→ **Recorded data**
Content starts

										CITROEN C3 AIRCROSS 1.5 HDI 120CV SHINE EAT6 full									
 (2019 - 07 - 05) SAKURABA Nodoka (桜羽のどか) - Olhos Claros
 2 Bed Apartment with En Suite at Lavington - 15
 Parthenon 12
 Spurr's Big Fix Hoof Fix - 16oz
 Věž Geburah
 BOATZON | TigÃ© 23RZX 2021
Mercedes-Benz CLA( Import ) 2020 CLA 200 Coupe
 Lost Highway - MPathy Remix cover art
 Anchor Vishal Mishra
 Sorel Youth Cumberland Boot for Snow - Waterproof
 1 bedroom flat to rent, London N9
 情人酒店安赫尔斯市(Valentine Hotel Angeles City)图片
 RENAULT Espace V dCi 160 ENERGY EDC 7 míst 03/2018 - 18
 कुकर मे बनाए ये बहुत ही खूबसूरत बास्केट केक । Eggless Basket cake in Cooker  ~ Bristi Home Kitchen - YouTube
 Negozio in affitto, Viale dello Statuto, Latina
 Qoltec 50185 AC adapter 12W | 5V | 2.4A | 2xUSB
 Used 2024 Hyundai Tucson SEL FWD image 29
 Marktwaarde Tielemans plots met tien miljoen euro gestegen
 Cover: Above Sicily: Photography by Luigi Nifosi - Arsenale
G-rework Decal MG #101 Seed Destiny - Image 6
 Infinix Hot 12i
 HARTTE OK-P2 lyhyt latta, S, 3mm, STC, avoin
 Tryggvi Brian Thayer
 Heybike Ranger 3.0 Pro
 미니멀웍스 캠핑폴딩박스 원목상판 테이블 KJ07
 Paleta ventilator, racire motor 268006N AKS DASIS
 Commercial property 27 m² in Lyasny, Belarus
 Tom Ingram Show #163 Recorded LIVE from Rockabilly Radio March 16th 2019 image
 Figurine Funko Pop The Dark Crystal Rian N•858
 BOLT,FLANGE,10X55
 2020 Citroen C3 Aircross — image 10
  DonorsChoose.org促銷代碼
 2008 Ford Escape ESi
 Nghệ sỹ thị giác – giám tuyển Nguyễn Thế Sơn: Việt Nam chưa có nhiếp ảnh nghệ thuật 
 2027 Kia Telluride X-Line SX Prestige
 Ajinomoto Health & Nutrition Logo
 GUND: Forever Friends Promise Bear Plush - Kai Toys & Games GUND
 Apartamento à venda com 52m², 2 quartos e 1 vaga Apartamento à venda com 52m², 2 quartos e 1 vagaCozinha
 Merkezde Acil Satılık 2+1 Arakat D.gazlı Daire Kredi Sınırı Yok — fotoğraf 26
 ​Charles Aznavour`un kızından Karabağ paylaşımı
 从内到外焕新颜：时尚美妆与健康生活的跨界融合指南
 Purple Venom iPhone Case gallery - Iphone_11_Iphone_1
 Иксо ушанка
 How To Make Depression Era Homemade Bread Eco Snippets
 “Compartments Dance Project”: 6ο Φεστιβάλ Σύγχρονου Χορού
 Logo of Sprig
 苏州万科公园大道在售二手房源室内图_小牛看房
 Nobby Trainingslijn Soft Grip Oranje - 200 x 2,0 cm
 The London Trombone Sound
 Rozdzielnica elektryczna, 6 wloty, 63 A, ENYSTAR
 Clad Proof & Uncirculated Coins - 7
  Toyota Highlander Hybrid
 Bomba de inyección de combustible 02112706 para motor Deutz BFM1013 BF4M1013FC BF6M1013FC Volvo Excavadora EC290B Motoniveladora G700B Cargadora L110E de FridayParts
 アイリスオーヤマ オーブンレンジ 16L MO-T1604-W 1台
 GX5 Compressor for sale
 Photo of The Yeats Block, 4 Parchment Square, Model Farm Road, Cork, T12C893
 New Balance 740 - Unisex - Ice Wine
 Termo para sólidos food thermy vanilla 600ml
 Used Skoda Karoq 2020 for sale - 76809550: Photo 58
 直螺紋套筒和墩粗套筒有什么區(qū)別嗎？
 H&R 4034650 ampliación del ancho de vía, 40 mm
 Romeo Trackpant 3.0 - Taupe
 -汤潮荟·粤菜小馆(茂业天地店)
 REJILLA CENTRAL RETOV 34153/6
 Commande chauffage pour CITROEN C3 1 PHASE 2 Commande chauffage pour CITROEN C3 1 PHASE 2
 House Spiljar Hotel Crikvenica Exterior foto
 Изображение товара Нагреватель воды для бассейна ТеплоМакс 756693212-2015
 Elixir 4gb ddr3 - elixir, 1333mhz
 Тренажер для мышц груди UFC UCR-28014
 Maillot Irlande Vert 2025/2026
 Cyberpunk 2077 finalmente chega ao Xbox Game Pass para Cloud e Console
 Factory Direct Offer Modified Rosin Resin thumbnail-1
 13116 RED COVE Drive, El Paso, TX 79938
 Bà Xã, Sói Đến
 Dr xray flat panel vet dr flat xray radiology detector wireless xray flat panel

Content ends

→ **Activity**
The answer is the line containing "Bà Xã, Sói Đến" together with every line after it in the records, repeated exactly and with nothing else.

→ **Result below**
 Bà Xã, Sói Đến
 Dr xray flat panel vet dr flat xray radiology detector wireless xray flat panel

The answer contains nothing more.